The historic matrilineal worldview placed little emphasis on the young husband’s role. He had no authority over his parents’ household as he was not the heir or custodian, and he has no authority over his wife’s household as most often, the man stays in his wife’s and in law’s estate. This is the worldview and the social structure in which his identity and obligations as a husband were defined. Moreover, the present matrilineal system is a diluted one, where the Kni-ship is non-existent, and land is no longer a clan holding, but private property. This, and the historic position of the husband, may have contributed to situations where the young husbands lack the moral resolution to look after their spouses (of course, this is not a generalization of all men). However, this in no way absolves them of their moral obligation, and it is hereby evident that moral obligation is an ‘ought’ that transcends tradition or culture. But, again, it is more problematic to look at this problem from the perspective of worldview and morality, because that forces us to make a deeper introspection, both into our culture and our own lifestyles. If morality comes with a worldview, then is that worldview conducive to the highest desirable moral responsibility? Is the historic matrilineal system, and now diluted, conducive to inspire the highest moral responsibility in young husbands?

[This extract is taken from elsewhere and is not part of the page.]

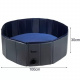 Piscină pliabilă pentru câini 100x30 cm Purlov 20929 Albastru-gri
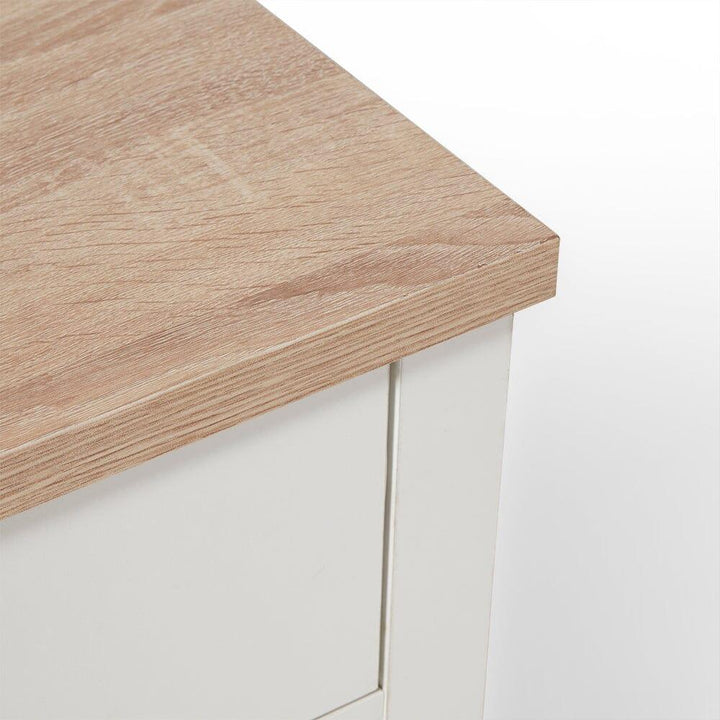 Bampton Alabaster White Coffee Table with Storage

The moral sense transcends culture. But like all of our senses, it can be sharpened or dulled by culture. Does our culture dull the moral sense in young husbands, who never had the opportunity to imbibe the sense of masculine responsibility and ownership at home, and will not have to opportunity to do so, at his in laws’? Another pressing concern is the disastrous effects of modern values like sexual liberation on marriages. This has been evident in the West, and should serve as an example to us. But are we willing to look at these issues, from the imposing perspectives of worldviews and morality?